Iges-DF investiga morte de paciente na porta do Hospital de Base

Equipes tentam realizar manobras de RCP em homem na entrada do Hospital de Base.
Rodrigo Resende Prado não resistiu e veio a óbito na entrada do Hospital de Base do Distrito Federal.

Homem de 46 anos faleceu após aguardar socorro na entrada da unidade. Instituto abriu procedimento interno para apurar conduta médica.

O Instituto de Gestão Estratégica do DF (Iges-DF) instaurou uma apuração interna para determinar as circunstâncias que levaram ao óbito de Rodrigo Resende Prado, de 46 anos, enquanto aguardava atendimento no pronto-socorro do Hospital de Base do Distrito Federal (HBDF), nesta segunda-feira, 13/07/2026. A medida visa esclarecer se houve negligência no fluxo de triagem da unidade, visto que o paciente faleceu em 12/07/2026 após passar mal na área externa.

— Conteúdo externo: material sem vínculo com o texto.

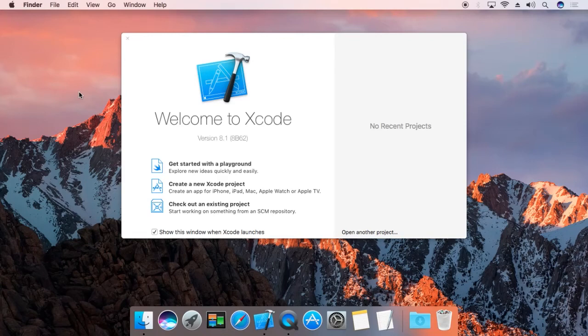Hello, my name is Rahul. Today I am going to show you how to use NSCollectionView using Xcode 8.1. I am going to use Objective-C to code this example.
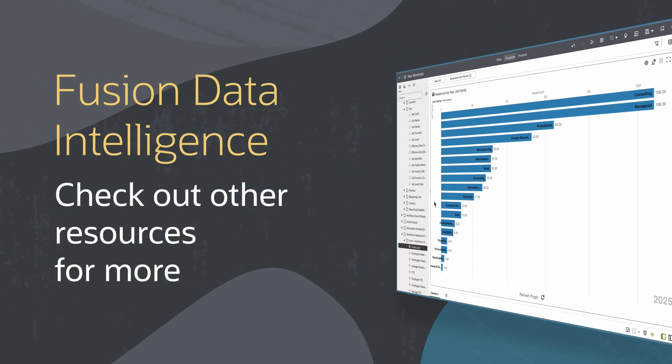Find additional videos and more information on using Fusion Data Intelligence resources in the links below. I'll see you next time.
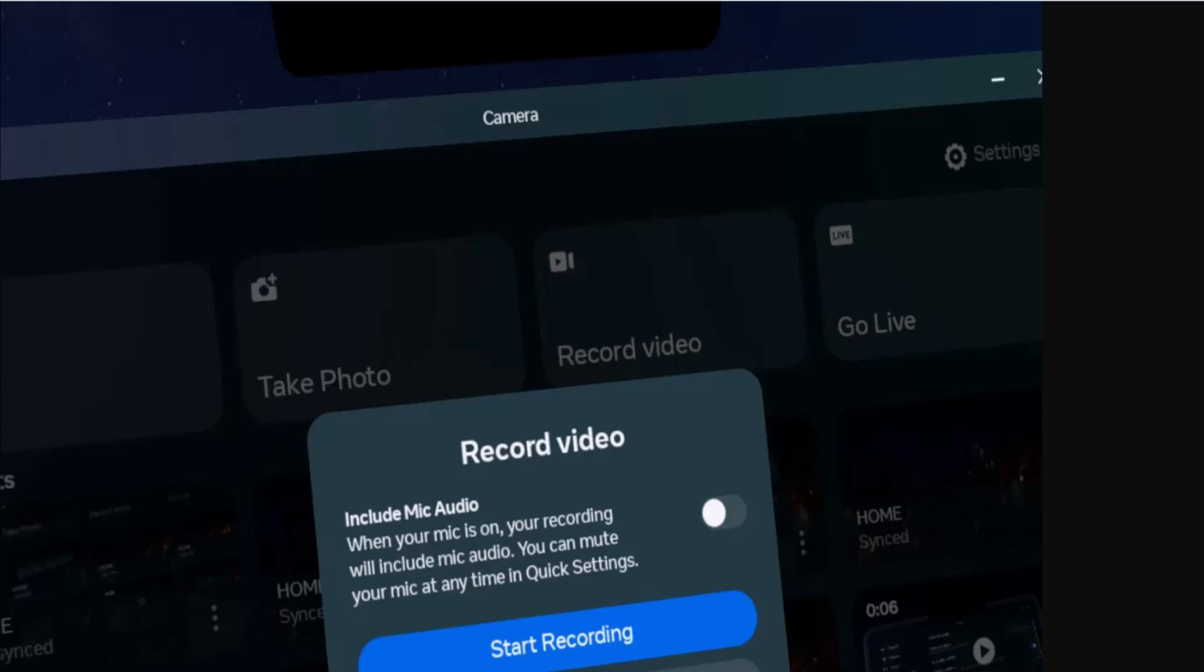And then you'll have successfully screen recorded on Meta Quest 3. That is all for this video. I hope the video was helpful. Make sure to like, share, and subscribe to our channel. Thank you for watching, see you in the next video.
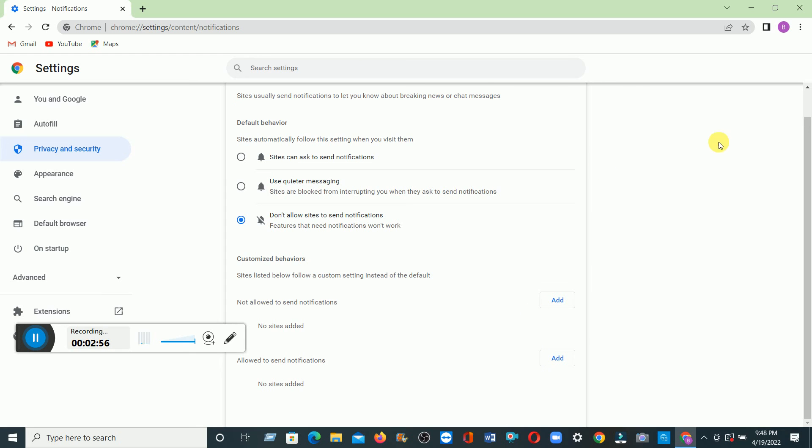So thank you. Then you can restart the computer after finishing this process, click the restart. That's it. Thank you. It will help you how to remove notification or disable Google Chrome in any PC.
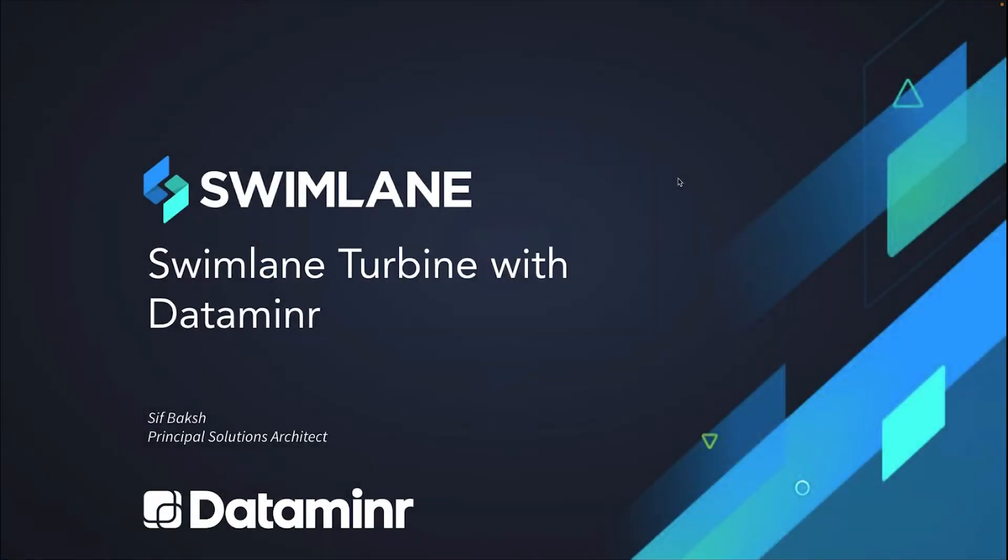Today's demo is going to cover how to use Swimlane, Turbine, and Dataminer to automate response protocols when physical threats occur. My name is Sif Baksh, Principal Solutions Architect at Swimlane.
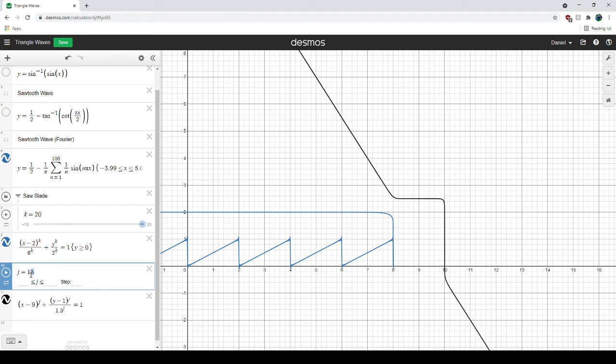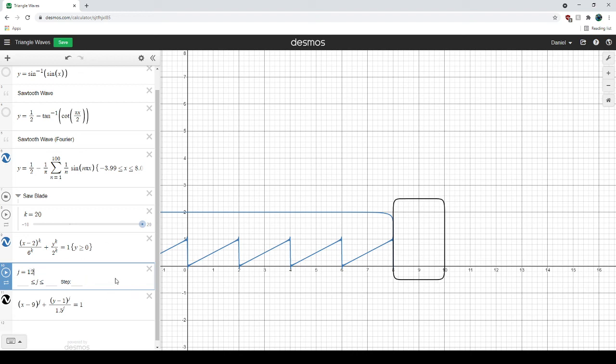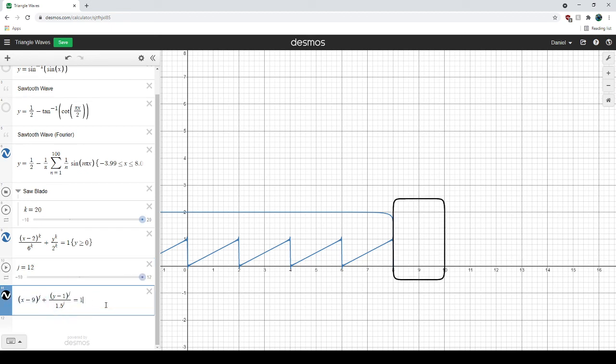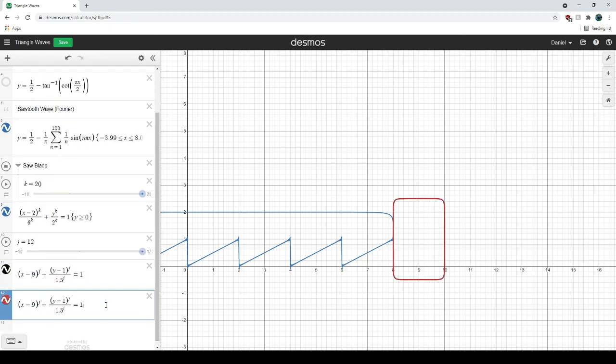Actually, I like this a bit rounder so maybe we can do 15. Oh, that's right. I said it has to be an even number. Then I'll go ahead and duplicate this.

A perda de Rodrigo Resende Prado escancara as fragilidades do sistema de urgência local. Imagens registradas no local mostram o desespero de familiares, que clamavam por socorro enquanto o homem, já inconsciente, recebia manobras de reanimação cardiopulmonar (RCP) realizadas por servidoras na entrada do HBDF. A cena, descrita por testemunhas como desumana, reacende o debate sobre a precarização do atendimento no Distrito Federal.

Em nota oficial, o Iges-DF informou que o paciente foi levado à sala vermelha, mas não respondeu aos protocolos de emergência. O instituto pontuou que a equipe assistencial foi acionada assim que o quadro de mal-estar foi identificado, porém, não detalhou por que o atendimento não ocorreu antes do colapso físico de Rodrigo Resende Prado na área externa.

A indignação tomou conta de familiares e profissionais da área. Uma parente da vítima, que atua na enfermagem, classificou o episódio como reflexo da falta de estrutura e sobrecarga de trabalho que assola a rede pública. "Saúde não é favor, é um direito. Vidas não podem esperar", afirmou, questionando até quando a insuficiência de equipes continuará custando a vida de cidadãos.

A investigação interna agora deve determinar se houve descumprimento de protocolos de acolhimento. O resultado do procedimento administrativo é aguardado para balizar possíveis responsabilizações dos envolvidos no fluxo de atendimento daquele dia.